Lukáš Urban

Personal information
- Full name: Lukáš Urban
- Date of birth: 23 June 1993 (age 32)
- Place of birth: Košice, Slovakia
- Height: 1.74 m (5 ft 9 in)
- Position: Defensive midfielder

Team information
- Current team: FC Košice
- Number: 8

Youth career
- MFK Košice

Senior career*
- Years: Team / Apps / (Gls)
- 2013–2015: FC VSS Košice / 9 / (0)
- 2014–2015: VSS Košice B / 19 / (0)
- 2015: Vyšné Opátske
- 2019–2020: FC Košice
- 2019–2020: Slávia TU Košice (loan)
- 2020–2024: Slávia TU Košice
- 2024–: Lokomotiva Košice

= Lukáš Urban =

Slovak footballer

Lukáš Urban (born 23 June 1993) is a Slovak football midfielder who currently plays for the 3. liga club FC Lokomotíva Košice.

== Club career ==

=== MFK Košice ===
Urban is a product of the Košice youth academy, from where he went to play for the B team. Two years later, Urban got his first professional contract.
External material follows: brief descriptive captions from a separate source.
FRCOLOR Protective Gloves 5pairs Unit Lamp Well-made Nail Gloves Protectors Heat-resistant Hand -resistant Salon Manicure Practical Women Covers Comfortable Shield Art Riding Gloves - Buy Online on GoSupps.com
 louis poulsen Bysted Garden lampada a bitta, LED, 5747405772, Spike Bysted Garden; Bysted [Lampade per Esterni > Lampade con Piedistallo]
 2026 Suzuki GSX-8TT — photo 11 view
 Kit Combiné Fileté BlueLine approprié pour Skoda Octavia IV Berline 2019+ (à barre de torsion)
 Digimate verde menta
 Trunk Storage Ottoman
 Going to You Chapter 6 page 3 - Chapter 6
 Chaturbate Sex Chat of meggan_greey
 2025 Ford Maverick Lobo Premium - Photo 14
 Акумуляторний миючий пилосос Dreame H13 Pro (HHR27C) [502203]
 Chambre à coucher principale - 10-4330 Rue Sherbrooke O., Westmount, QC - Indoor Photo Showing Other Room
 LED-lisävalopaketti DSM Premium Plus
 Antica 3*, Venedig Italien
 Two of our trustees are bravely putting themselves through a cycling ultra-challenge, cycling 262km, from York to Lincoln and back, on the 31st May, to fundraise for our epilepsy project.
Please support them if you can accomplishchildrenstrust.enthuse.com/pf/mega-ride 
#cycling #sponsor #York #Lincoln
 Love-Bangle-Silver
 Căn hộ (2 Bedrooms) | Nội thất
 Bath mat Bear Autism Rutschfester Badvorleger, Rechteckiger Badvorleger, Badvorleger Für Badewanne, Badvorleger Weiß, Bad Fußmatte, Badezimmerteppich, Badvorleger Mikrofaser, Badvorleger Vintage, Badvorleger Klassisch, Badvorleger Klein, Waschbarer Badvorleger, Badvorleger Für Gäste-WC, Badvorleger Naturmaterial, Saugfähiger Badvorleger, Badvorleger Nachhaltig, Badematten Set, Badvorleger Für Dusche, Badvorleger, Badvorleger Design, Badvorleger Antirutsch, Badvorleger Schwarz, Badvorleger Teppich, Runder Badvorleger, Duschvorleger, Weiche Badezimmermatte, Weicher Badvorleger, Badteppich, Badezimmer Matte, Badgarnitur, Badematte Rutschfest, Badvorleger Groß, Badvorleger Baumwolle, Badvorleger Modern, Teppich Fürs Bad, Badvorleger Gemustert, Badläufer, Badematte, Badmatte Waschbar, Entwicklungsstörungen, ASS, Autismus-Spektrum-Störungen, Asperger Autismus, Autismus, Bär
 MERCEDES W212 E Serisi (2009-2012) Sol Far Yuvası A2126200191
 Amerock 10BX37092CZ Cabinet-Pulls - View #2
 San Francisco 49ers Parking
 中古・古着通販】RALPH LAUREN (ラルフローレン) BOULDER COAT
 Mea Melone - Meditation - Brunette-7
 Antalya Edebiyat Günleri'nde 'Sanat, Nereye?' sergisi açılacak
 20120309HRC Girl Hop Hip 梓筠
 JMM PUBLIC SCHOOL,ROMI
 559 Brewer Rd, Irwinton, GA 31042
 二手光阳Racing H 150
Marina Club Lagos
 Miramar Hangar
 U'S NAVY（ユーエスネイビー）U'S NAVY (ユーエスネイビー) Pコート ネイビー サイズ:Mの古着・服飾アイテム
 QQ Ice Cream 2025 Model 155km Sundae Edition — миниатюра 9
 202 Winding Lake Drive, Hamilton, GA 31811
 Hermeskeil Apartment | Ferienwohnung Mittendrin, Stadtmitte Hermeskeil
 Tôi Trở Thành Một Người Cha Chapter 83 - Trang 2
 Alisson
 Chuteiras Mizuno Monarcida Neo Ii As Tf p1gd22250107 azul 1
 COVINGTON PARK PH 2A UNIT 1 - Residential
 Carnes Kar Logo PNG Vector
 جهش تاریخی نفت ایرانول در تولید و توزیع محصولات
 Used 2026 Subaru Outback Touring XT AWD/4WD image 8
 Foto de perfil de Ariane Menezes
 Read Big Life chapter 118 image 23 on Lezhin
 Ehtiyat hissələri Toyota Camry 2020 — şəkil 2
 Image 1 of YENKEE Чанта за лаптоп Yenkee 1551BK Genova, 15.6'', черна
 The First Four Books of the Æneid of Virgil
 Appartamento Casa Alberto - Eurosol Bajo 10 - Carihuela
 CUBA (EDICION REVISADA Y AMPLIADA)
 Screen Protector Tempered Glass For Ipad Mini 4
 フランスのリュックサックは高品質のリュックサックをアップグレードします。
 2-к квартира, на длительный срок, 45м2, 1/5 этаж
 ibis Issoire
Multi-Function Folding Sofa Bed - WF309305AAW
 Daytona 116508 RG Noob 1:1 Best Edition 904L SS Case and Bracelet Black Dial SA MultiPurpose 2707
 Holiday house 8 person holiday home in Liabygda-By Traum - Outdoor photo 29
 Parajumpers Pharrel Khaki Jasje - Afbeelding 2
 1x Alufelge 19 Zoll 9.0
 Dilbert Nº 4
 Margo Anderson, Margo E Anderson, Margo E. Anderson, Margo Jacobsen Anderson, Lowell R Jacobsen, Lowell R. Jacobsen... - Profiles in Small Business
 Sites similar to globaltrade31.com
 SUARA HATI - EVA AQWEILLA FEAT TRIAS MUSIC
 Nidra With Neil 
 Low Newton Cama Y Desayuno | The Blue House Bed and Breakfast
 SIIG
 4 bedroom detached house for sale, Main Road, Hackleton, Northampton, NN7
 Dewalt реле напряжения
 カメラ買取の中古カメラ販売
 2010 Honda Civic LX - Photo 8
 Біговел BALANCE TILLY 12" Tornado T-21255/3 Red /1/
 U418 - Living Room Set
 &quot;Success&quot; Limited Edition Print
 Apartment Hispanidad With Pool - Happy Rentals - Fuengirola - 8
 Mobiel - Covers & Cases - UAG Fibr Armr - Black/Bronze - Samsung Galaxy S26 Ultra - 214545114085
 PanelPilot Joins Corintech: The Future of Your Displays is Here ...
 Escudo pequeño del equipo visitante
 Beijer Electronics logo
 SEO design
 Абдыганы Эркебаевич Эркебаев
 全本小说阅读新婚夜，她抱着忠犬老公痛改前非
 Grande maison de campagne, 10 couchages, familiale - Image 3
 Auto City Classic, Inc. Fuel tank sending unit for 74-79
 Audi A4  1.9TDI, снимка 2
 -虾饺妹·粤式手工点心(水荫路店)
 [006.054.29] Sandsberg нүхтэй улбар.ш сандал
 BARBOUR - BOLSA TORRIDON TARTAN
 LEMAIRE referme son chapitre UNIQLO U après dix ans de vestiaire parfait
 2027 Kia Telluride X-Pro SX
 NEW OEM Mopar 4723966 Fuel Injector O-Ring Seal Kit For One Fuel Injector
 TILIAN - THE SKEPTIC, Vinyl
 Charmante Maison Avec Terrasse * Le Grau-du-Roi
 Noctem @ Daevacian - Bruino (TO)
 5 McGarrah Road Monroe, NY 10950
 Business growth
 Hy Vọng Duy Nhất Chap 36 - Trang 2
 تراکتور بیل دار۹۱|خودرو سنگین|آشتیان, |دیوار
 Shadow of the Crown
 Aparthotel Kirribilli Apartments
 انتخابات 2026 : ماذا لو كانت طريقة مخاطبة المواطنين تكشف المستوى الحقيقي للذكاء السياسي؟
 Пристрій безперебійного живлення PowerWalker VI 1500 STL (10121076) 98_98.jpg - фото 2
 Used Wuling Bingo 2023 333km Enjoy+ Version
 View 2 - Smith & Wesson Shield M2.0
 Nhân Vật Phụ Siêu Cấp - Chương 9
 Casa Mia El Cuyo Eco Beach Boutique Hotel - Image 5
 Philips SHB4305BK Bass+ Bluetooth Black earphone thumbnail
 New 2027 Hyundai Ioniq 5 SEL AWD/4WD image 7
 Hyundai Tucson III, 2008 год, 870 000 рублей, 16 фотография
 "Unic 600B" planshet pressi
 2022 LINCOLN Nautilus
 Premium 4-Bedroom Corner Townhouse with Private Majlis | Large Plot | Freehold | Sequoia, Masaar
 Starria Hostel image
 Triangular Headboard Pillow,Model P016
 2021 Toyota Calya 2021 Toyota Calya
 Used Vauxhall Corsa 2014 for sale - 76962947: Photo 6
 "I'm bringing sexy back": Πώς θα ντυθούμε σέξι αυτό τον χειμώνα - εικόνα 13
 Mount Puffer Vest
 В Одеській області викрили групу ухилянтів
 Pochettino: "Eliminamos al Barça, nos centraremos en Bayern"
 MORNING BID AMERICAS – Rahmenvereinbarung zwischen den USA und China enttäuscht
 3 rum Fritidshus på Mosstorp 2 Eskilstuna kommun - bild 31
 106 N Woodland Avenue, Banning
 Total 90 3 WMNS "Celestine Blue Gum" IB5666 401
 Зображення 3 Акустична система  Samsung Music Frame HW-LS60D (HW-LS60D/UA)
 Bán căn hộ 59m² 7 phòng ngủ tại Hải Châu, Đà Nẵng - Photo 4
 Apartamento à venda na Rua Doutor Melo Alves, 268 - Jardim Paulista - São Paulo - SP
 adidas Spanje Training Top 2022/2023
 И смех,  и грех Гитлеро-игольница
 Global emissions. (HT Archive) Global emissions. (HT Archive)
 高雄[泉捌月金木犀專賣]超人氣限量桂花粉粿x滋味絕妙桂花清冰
He made his debut for the club in a 2–2 home Corgoň Liga draw against MFK Ružomberok, coming on as an 80th minute substitution. Despite being considered a talented young player, Urban would quit professional football to focus on his studies.

=== Slávia TU Košice ===
In 2024, Urban played for Slávia TU Košice. He scored in a 2–0 win against ŠK Odeva Lipany, netting in a goal in the 90th minute.